1. What factors influence the pricing of NDC 57237-0110?
Pricing depends on its therapeutic benefit, manufacturing costs, market exclusivity, payer negotiations, competition, and regulatory approvals.

2. How soon can we expect market entry for this drug?
Regulatory timelines vary; if already approved, market entry could occur shortly. Pending approval or additional clinical trials may delay commercialization.

3. What is the potential for generic competition?
If patent protections expire or patent challenges succeed, generic or biosimilar entrants could significantly reduce prices within 5-7 years.

4. How does market size impact price projections?
Larger patient populations can justify higher prices due to volume-driven revenue, whereas niche markets demand premium pricing to sustain profitability.

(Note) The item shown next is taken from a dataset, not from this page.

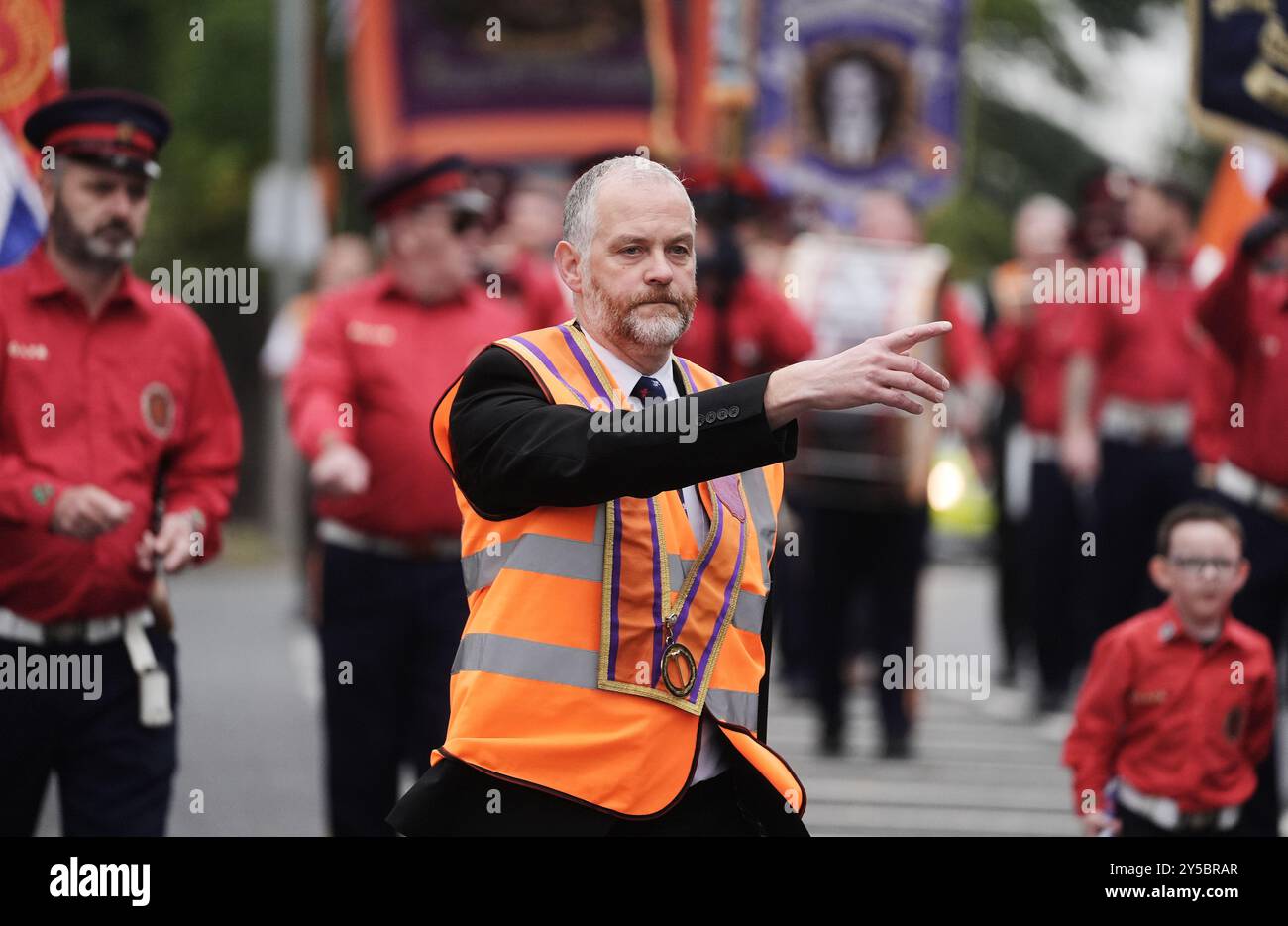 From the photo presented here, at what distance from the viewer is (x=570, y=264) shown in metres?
4.80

5. What strategies can maximize revenue for this drug?
Early engagement with payers, demonstrating clear value, expanding indications, and optimizing manufacturing efficiencies are key strategies.


References

[1] MarketWatch. Global Pharma Market Insights. 2022.
[2] IQVIA. Healthcare Trends and Forecasts. 2022.
[3] FDA. Regulatory Status and Approvals. 2023.
[4] EvaluatePharma. Drug Pricing and Market Analytics. 2022.
[5] CMS Guidelines on Coverage and Reimbursement. 2023.